**EXERCISE AIM:** The records below hold a stretch from the line with "925銀耳釘，展現(xiàn)優(yōu)雅氣質(zhì)" through the line with "COLD CS-39FK DOUBLE AGENT I PLAIN EDGE"; return exactly those lines, ends included, and nothing more.
=== DATA FOR THE TASK ===
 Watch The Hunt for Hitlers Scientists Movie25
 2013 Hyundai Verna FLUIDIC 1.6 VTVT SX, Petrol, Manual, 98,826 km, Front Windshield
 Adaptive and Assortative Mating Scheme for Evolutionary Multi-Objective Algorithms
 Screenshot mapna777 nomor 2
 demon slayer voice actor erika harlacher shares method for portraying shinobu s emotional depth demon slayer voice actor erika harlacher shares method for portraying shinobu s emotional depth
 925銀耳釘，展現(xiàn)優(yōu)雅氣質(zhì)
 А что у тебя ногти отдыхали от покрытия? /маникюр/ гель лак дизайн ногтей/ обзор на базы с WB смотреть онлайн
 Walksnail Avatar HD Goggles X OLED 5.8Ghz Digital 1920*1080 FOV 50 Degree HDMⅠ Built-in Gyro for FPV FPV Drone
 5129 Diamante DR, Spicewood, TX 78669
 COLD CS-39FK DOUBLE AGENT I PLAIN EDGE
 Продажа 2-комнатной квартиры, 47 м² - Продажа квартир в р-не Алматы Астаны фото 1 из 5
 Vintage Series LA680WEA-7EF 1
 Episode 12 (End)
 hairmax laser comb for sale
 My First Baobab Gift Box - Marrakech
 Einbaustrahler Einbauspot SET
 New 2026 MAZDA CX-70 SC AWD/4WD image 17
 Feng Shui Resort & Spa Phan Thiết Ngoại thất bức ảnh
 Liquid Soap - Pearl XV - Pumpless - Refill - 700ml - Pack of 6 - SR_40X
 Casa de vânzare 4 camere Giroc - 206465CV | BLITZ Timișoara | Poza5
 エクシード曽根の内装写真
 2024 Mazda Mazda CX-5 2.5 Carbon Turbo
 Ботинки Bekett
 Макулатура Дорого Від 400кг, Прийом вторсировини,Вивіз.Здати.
===
**SOLUTION FOR THIS TASK:**
 925銀耳釘，展現(xiàn)優(yōu)雅氣質(zhì)
 А что у тебя ногти отдыхали от покрытия? /маникюр/ гель лак дизайн ногтей/ обзор на базы с WB смотреть онлайн
 Walksnail Avatar HD Goggles X OLED 5.8Ghz Digital 1920*1080 FOV 50 Degree HDMⅠ Built-in Gyro for FPV FPV Drone
 5129 Diamante DR, Spicewood, TX 78669
 COLD CS-39FK DOUBLE AGENT I PLAIN EDGE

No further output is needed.